■ **HOW TO COMPLETE THIS TASK**: With the pictures omitted, output word for word the lines from the one containing "Wittmann, AZ USGS Topographic Map" through the end of the records.

■ **DATA TO EXAMINE**:
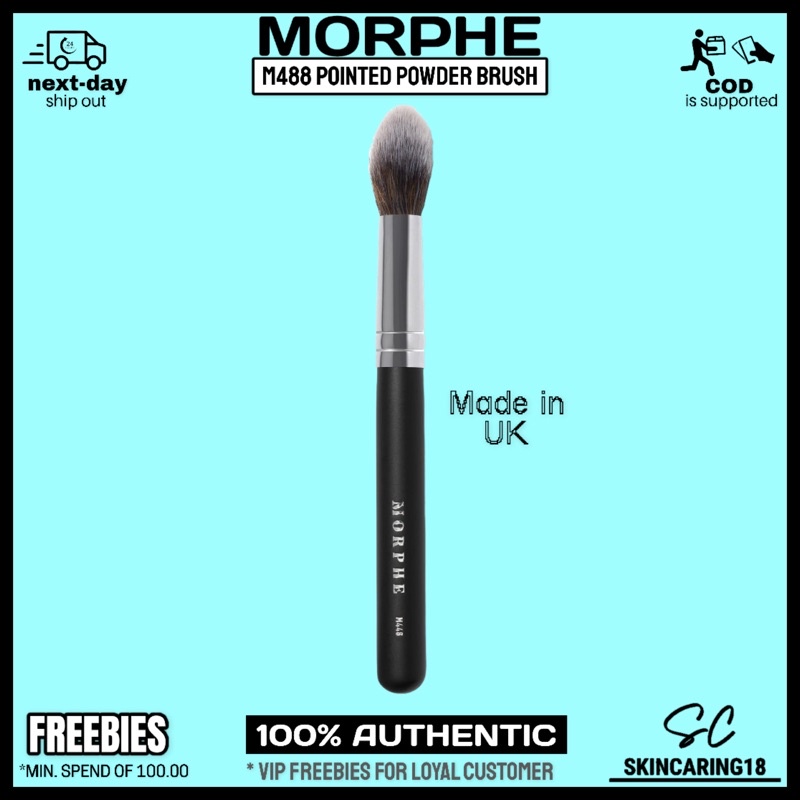 MORPHE M488 Pointed Powder Brush Shopee Philippines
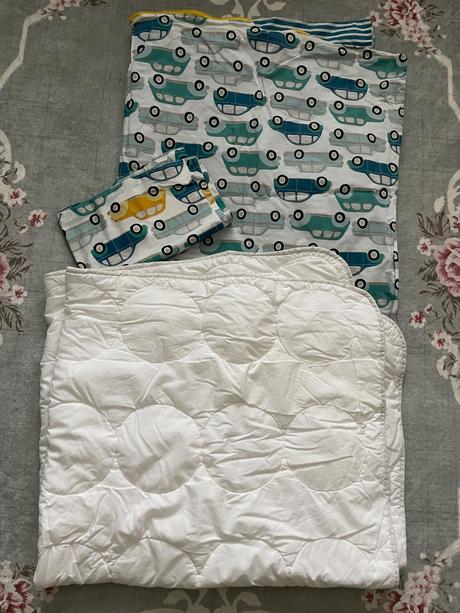 Navliecky na detsku postel plus paplon, šírka (cm): 110,dĺžka (cm): 120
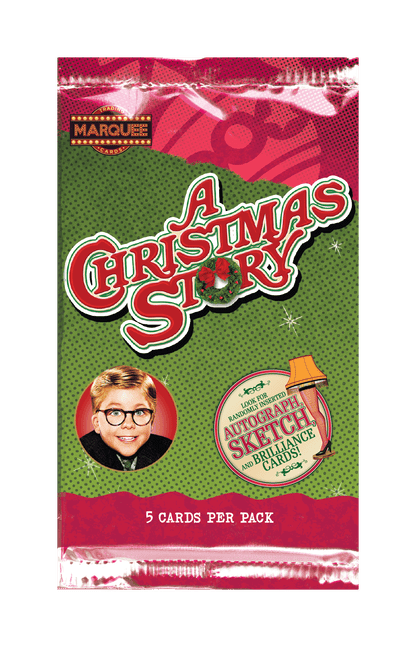A Christmas Story Marquee Trading Cards Hobby Box - Columbia Hobby - Sports Card Boxes - Toploaders - Card Savers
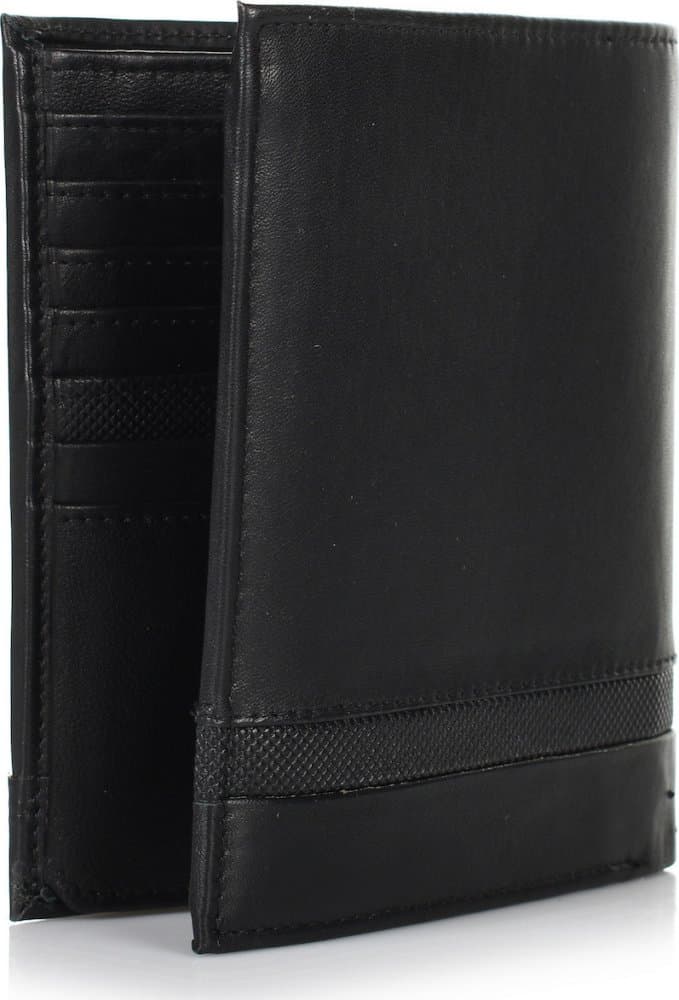 Pánská kožená peněženka PRO-DLX 5 SLG 120638-1041 černá 4
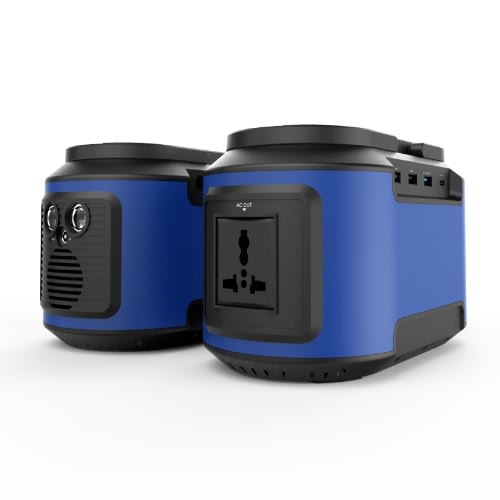 300w Portable Dual-powered Fuelless Generator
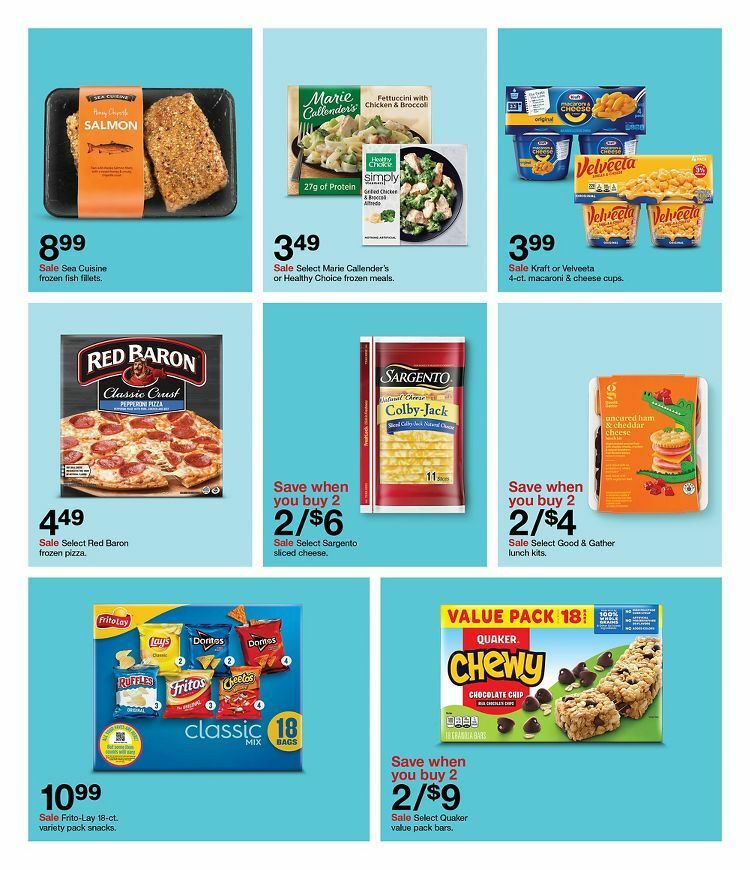 Target Weekly Ad from July 16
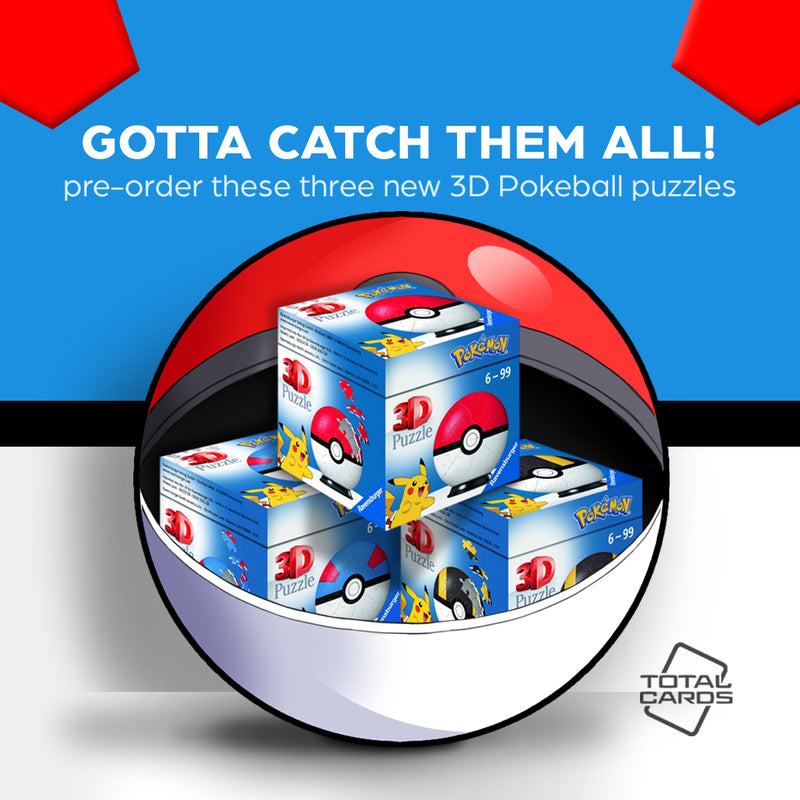 Pokemon puzzles are a great gift for any Pokefans!
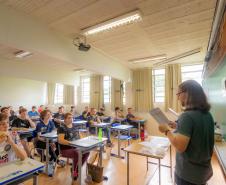 Vestibular 2022 da UEPG reuniu milhares de estudantes em 13 cidades do Paraná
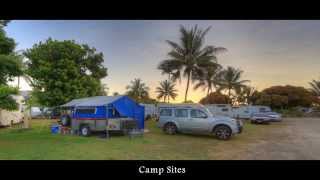 preview picture of video 'Cardwell Beachcomber Holiday Park - Sites presented by Peter Bellingham Photography'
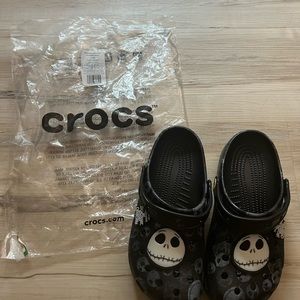 Disney The Nightmare before Christmas glow in the dark crocs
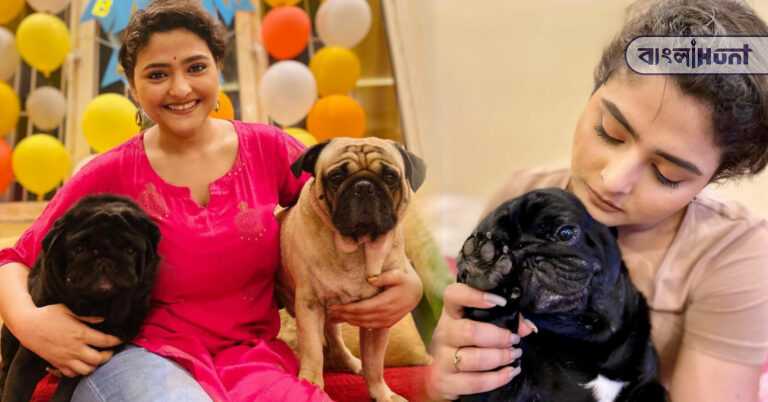 Aindrila pets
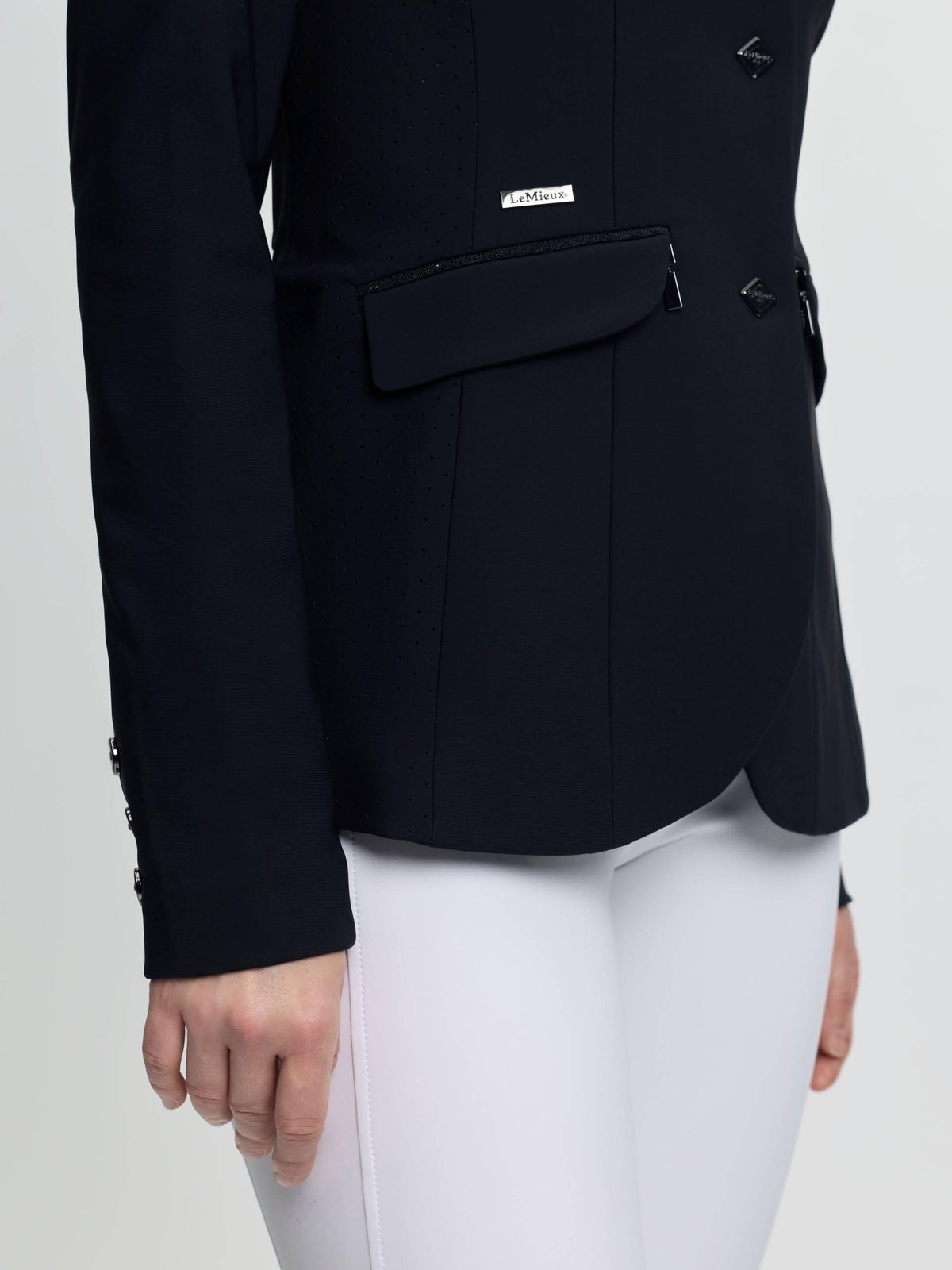 Lemieux Tall Dynamique Show Jacket - Black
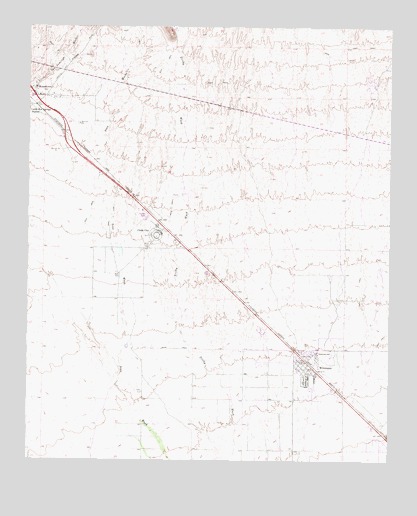 Wittmann, AZ USGS Topographic Map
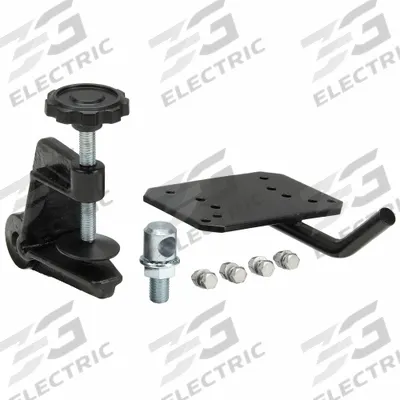 APPROVED VENDOR Clamp Assembly: 7 in Overall Lg, 2 1/2 in Overall Dia, Cast Iron - Replacement Clamps & Fittings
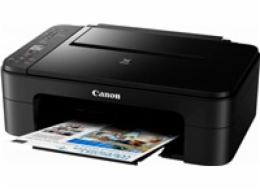 Canon PIXMA Tiskárna TS3355 black - barevná, MF (tisk, kopírka, sken, cloud), USB, Wi-Fi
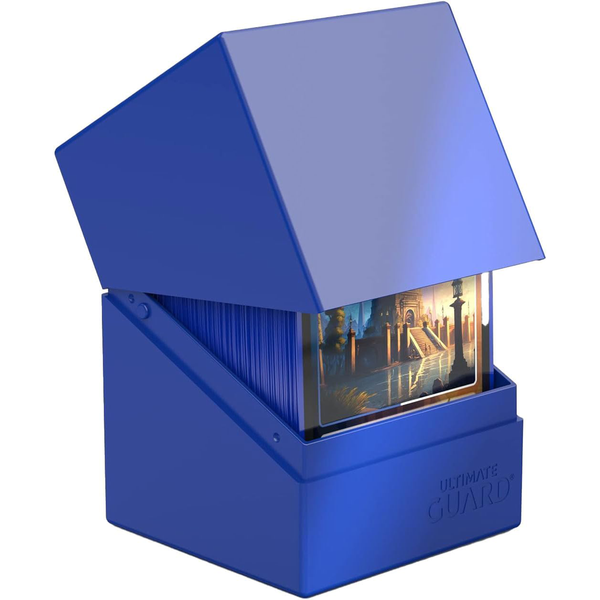 Boulder Deck Case 100+ Solid Blue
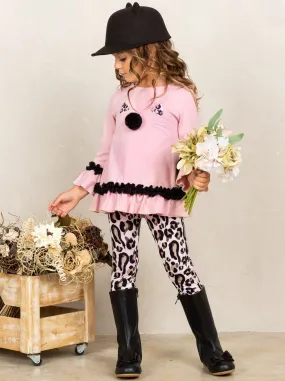 The Cutest Cub Leopard Legging Set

■ **ANSWER BOX**:
 Wittmann, AZ USGS Topographic Map
 APPROVED VENDOR Clamp Assembly: 7 in Overall Lg, 2 1/2 in Overall Dia, Cast Iron - Replacement Clamps & Fittings
 Canon PIXMA Tiskárna TS3355 black - barevná, MF (tisk, kopírka, sken, cloud), USB, Wi-Fi
 Boulder Deck Case 100+ Solid Blue
 The Cutest Cub Leopard Legging Set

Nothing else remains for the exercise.